Finances
Avant d’être débattu et voté en séance publique, chaque projet ou proposition de loi est examiné par l’une des sept commissions permanentes du Sénat : lois, finances, affaires économiques, affaires étrangères et Défense, affaires culturelles, affaires sociales, aménagement du territoire et du développement durable.

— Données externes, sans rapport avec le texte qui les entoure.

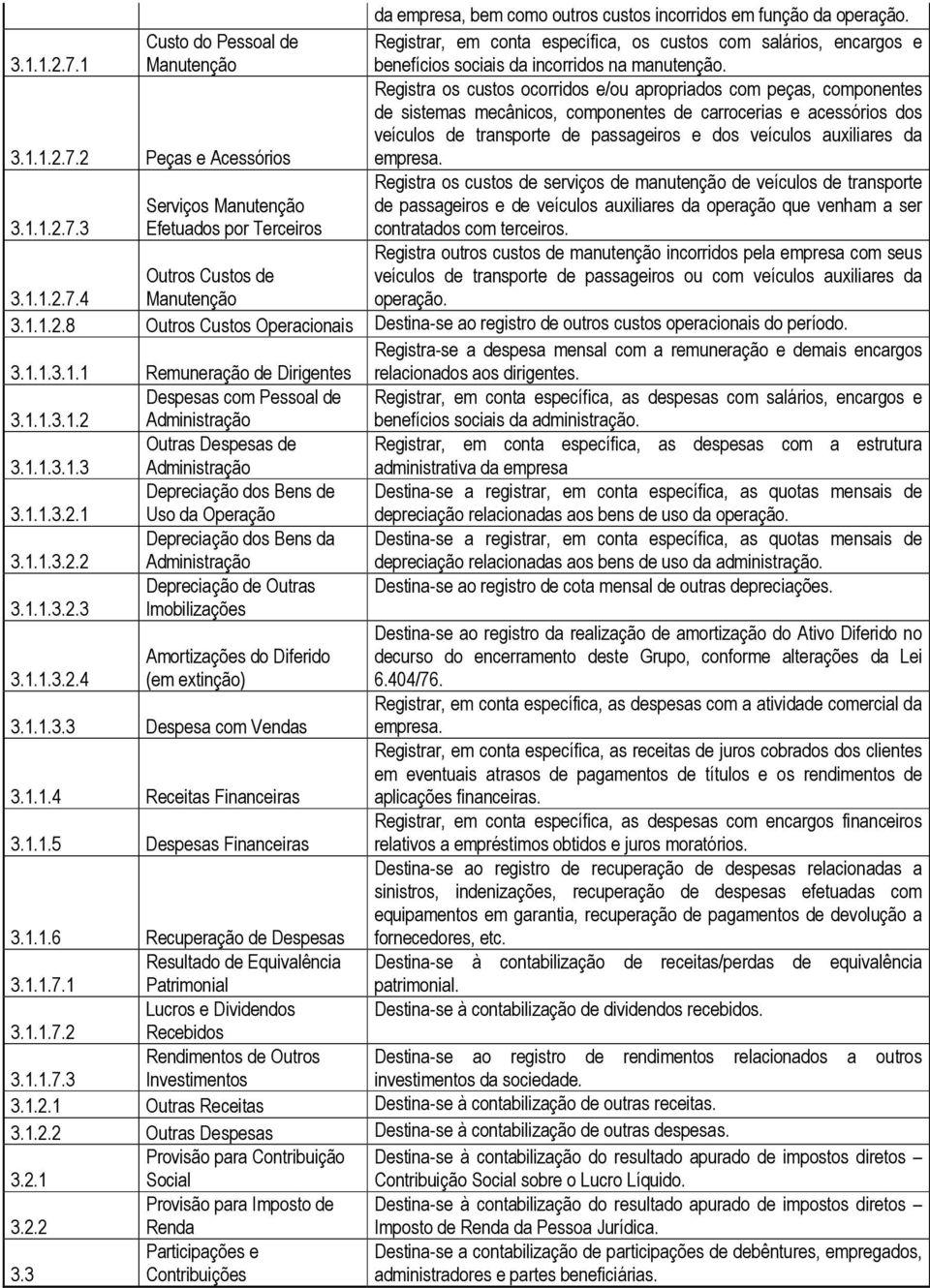 2 Peças e Acessórios Registra os custos ocorridos e/ou apropriados com peças, componentes de sistemas mecânicos, componentes de carrocerias e acessórios dos veículos de transporte de passageiros e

Classées par commissions, retrouvez ici les interventions générales et les explications de vote des sénateurs CRC.
La réhabilitation de la police de sécurité suppose de dégager des moyens
Projet de loi de finances pour 2018 : sécurité -
Par Éliane Assassi / 5 décembre 2017Monsieur le ministre d’État, vous avez officiellement lancé le mois dernier, à La Rochelle, la police de sécurité du quotidien. « L’objectif [serait] de construire, avec les élus de terrain, avec la population et avec l’ensemble des acteurs de la sécurité et de la prévention, des solutions pour répondre plus efficacement aux préoccupations de nos concitoyens », déclarait ainsi le Président de la République, en octobre dernier, en présentant sa principale annonce en matière de stratégie de sécurité. La grande concertation lancée le 28 octobre dernier s’achèvera dans quinze jours, et les premières expérimentations commenceront dès janvier 2018.
Or, monsieur le ministre d’État, malgré une étude attentive du budget, je n’ai trouvé aucune dotation allouée à ce nouveau dispositif : pas un euro !

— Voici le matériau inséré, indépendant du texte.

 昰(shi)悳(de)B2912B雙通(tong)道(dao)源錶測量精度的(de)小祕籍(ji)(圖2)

Autrement dit, la création de cette police de sécurité du quotidien ne s’accompagne d’aucun volet budgétaire ; celle-ci devra donc s’appuyer sur les moyens existants, ce qui engendrera une charge de travail supplémentaire pour les forces de l’ordre, à moyens constants, donc sans aucune compensation. C’est également ce que révèle le rapport de M. Dominati.
Vous vous défendez de vouloir remettre en chantier la police de proximité. Pour notre part, nous souhaitons véritablement la réhabiliter. Vous n’êtes pas sans savoir que nous défendrons en ce sens une proposition de loi dans l’ordre du jour réservé à notre groupe, le 13 décembre prochain. Mais d’ores et déjà, pour que notre proposition prenne corps, nous vous proposerons, dans le cadre de ce budget, par voie d’amendement, de « réparer » un oubli en budgétisant la police de proximité.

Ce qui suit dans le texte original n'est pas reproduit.